The correlation coefficient of the given data calculated is $0.689$.

Step-by-step explanation:

Given data:

$x$                  $y$

$12$                $14$

$9$                  $8$

$8$                  $6$

$10$                $9$

$11$                $11$

$13$                $12$

$7$                  $3$

To find: The coefficient of correlation of the given data =?

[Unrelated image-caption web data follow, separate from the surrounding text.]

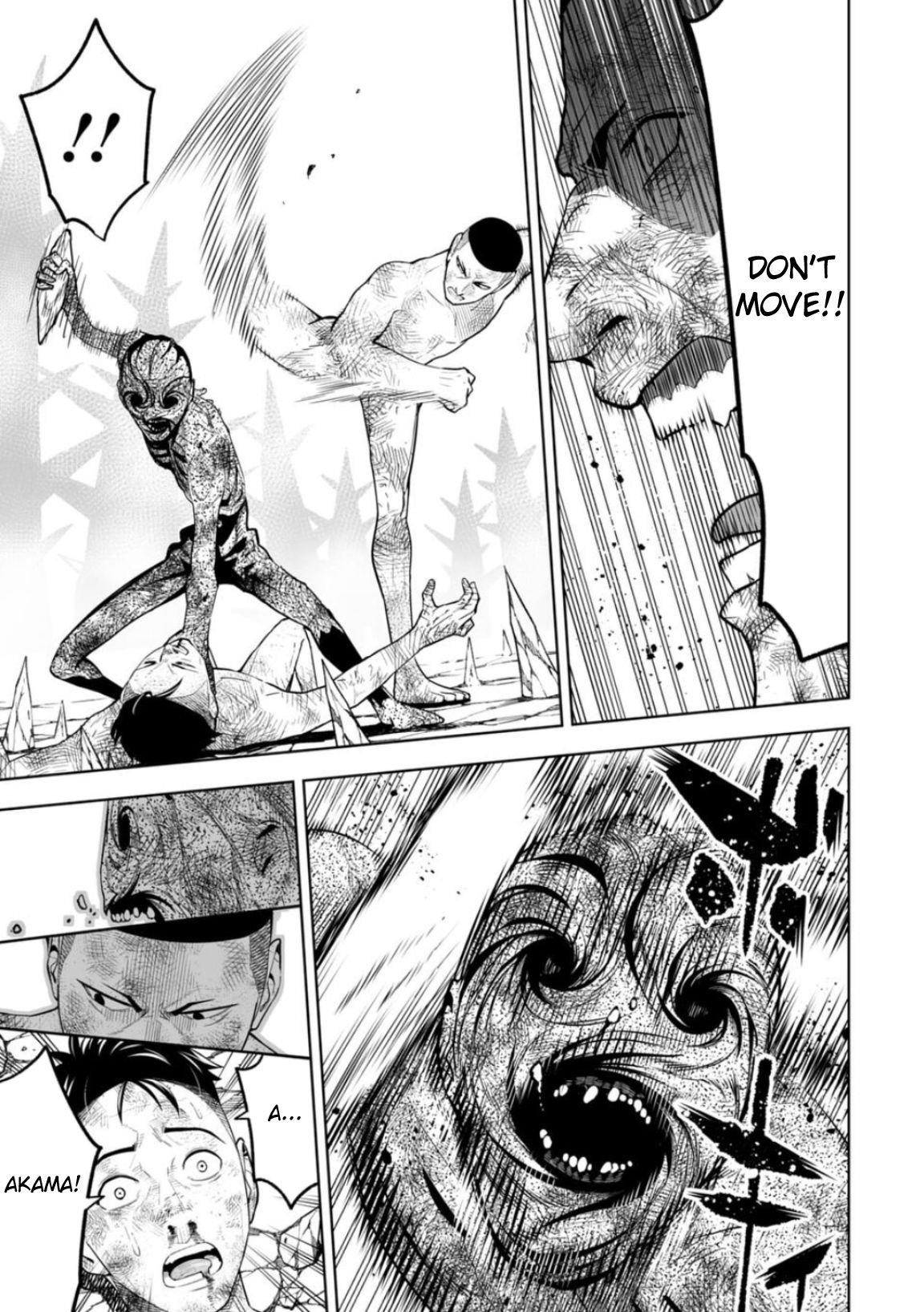 LOSTEND Chapter 3 - Page 15 in English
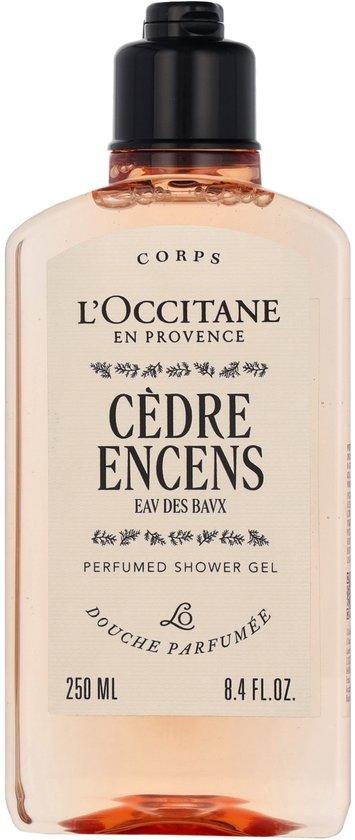 L'occitane Cedre Encens Baux Gwel Douche 250ml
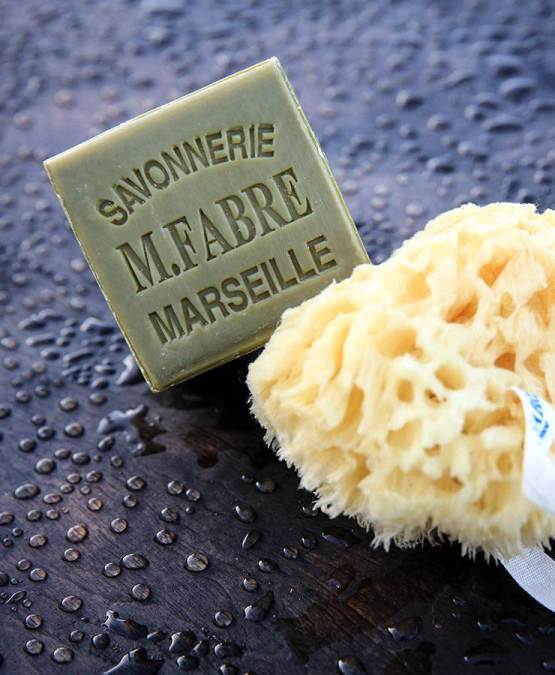 Marius Fabre Savon Marseille soap in box olive 200.00 Gram extra image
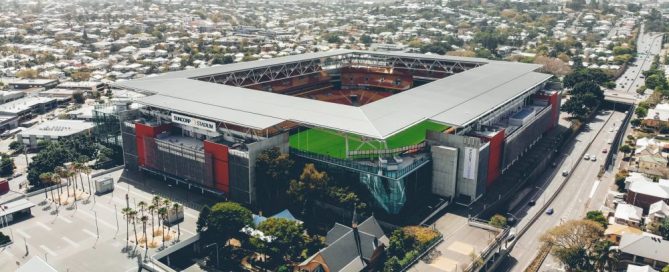 Suncorp Stadium – et af de stadion, hvor VM 2023 i kvindefodbold bliver afholdt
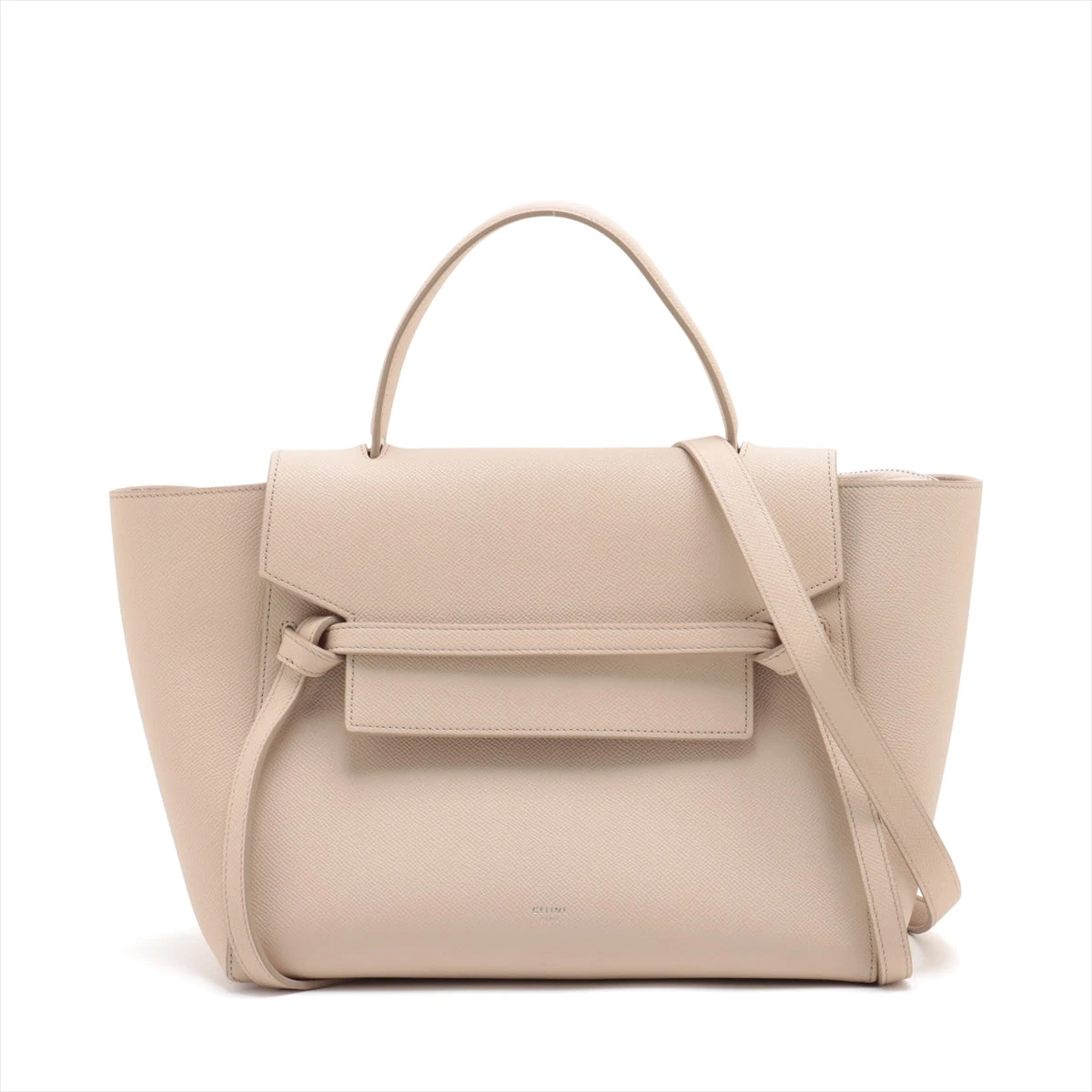 CELINE ベージュレザー ベルト85 CELINE ベージュレザー ベルト ゴールドバックル80 - メルカリ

Firstly, we have to find the mean of $x$ and the mean of $y$.

As we know,

• Mean = $\frac{Sum of terms}{Number of terms}$

For $x$:

• Mean, $\bar{x}$ = $\frac{12+9+8+10+11+13+7}{7}$ = $\frac{70}{7}$ = $10$

For $y$:

• Mean, $\bar{y}$ = $\frac{14+8+6+9+11+12+3}{7}$ = $\frac{63}{7}$ = $9$

As we know,

• Correlation coefficient = $\frac{\sum(x_{i}-\bar{x} )(y_{i}-\bar{y} ) }{\sqrt{\sum(x_{i}-\bar{x} )^{2}\sum(y_{i}-\bar{y} ) } }$

For this, we have to make a table to find the terms in the formula:

$x$            $y$         $(x-\bar{x})$      $(y-\bar{y})$     $(x-\bar{x})(y-\bar{y})$    $(x-\bar{x})^{2}$       $(y-\bar{y})^{2}$

$12$          $14$          $-2$              $5$               $-10$                   $4$                $25$

$9$            $8$           $-1$            $-1$                  $1$                     $1$                 $1$

$8$            $6$           $-2$           $-3$                   $6$                    $4$                 $9$

$10$          $9$              $0$              $0$                   $0$                    $0$                 $0$

$11$          $11$             $1$              $2$                   $2$                    $1$                  $4$

$13$          $12$            $3$              $3$                   $9$                    $9$                  $9$

$7$            $3$           $-3$           $-6$                  $18$                   $9$                  $36$

                                         

Now,

• $\sum (x-\bar{x})(y-\bar{y})$ = $-10 +1 +6 +0 +2+9+18$ = $26$
• $\sum (x-\bar{x})^{2}$ = $4+1+4+0+1+9+9$ = $28$
• $\sum (y-\bar{y})^{2}$ = $25+1+9+0+4+9+36$ = $51$

After putting these calculated values in the formula of the correlation coefficient mentioned above, we get:

• Correlation coefficient = $\frac{\sum(x_{i}-\bar{x} )(y_{i}-\bar{y} ) }{\sqrt{\sum(x_{i}-\bar{x} )^{2}\sum(y_{i}-\bar{y} ) } }$
• Correlation coefficient = $\frac{26}{\sqrt{28\times51 } }$
• Correlation coefficient = $\frac{26}{\sqrt{1428} }$
• Correlation coefficient = $\frac{26}{37.7}$ = $0.689$

Hence, the correlation coefficient of the given data calculated is $0.689$.